Possible regression? I think I have used this before..

doudou commented 4 years ago

I honestly don't know.

g-arjones commented 4 years ago

Could you please provide some pointers? This is a huge setback for me and debugging orogen/typelib is proving really painful so far

doudou commented 4 years ago

Could you please provide some pointers?

A first workaround I would see is to try and separate the typedef and the struct, which really should be working.

For debugging, the first step is to look into the generated .tlb file, that you can find in .orogen/typekit. This is the XML representation of the types that Typelib parsed.
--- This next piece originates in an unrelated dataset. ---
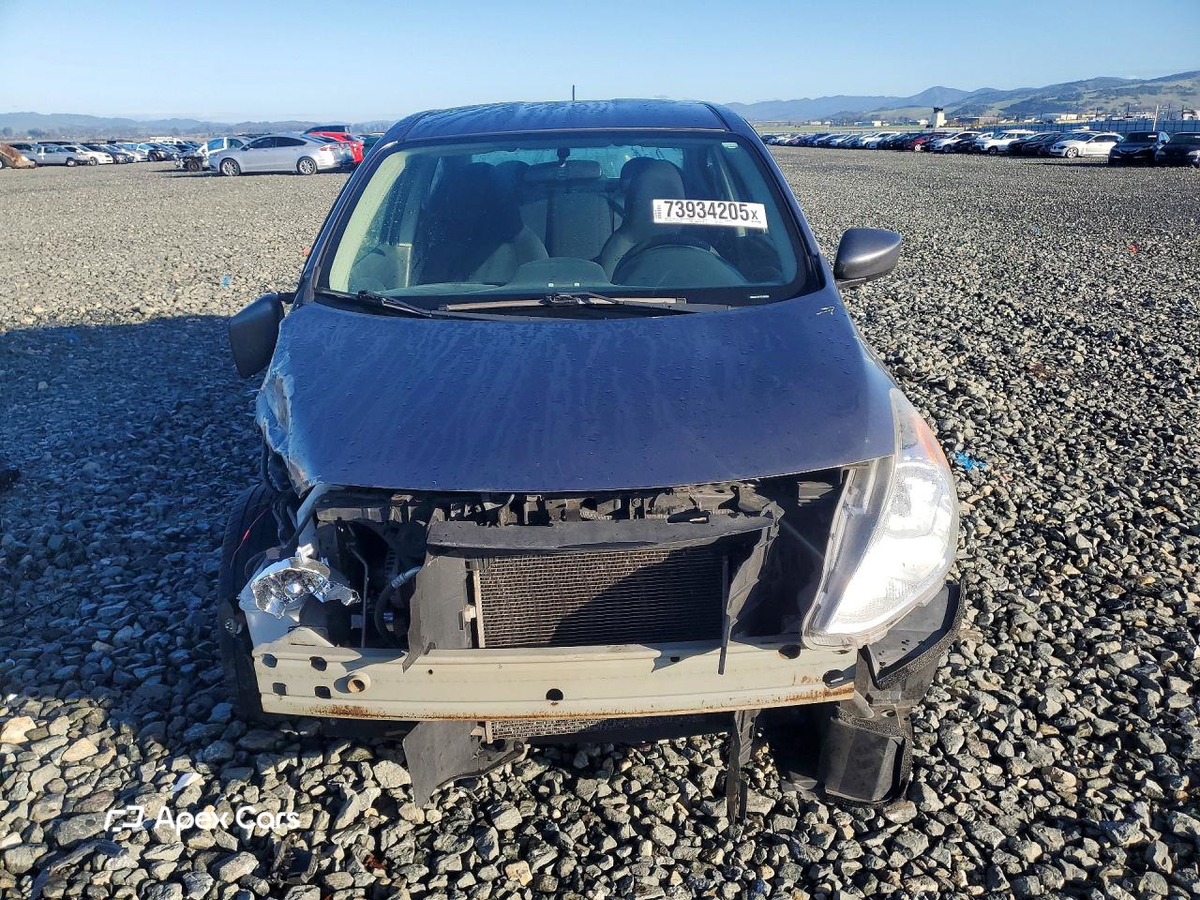 Nissan Versa 2016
In principle, I would expect to find a _Foobar compound type aliased to Foobar.

If that's not the case, we can get it from there (i.e. have to look into typelib's gccxml parser, and in particular see whether castxml's output is different in the "separate" and "join" cases).

If the tlb file has the expected pattern, then orogen is probably to blame, but I don't understand why it would mis-behave on this particular pattern.
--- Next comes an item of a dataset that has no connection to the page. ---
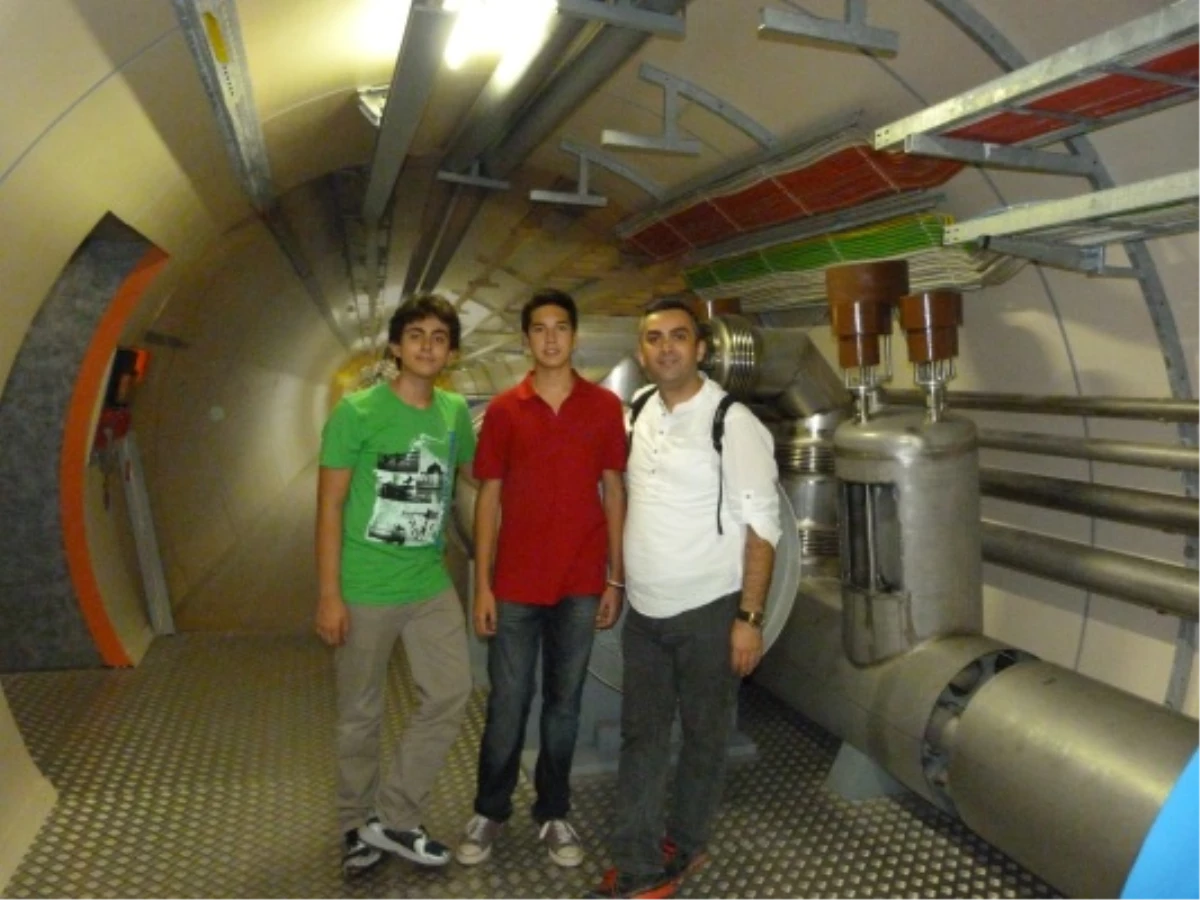 Gaziantepli Öğrenciler CERN\'de Eğitim Programına Katıldı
g-arjones commented 4 years ago

Thanks.. I will look into debugging, this is an auto generated code so I can't really work on the first suggestion...

doudou commented 4 years ago

Don't hesitate if you got questions or need more pointers. These two are indeed not the most understandable codebases ...

g-arjones commented 4 years ago

Don't hesitate

Definitely. Appreciate the help, thanks.

doudou commented 4 years ago

To improve your workflow, if typelib is indeed the problem, there is a list of unit tests for the C++ importer in test/ruby/cxx_import_tests. You've got to drop a .hh and an expected .tlb and then can run ./runner test_cxx_castxml.rb -n=/test_cxx_common/ from within the build dir

acd -b .
cd test/ruby
./runner test_cxx_castxml.rb -v -n=/test_cxx_common/

The cxx_tlbgen script (also in the build dir) creates a tlb from a .hh file (to start). Run cxx_tlbgen name_of_file.hh after having dropped the .hh into test/ruby/cxx_import_tests.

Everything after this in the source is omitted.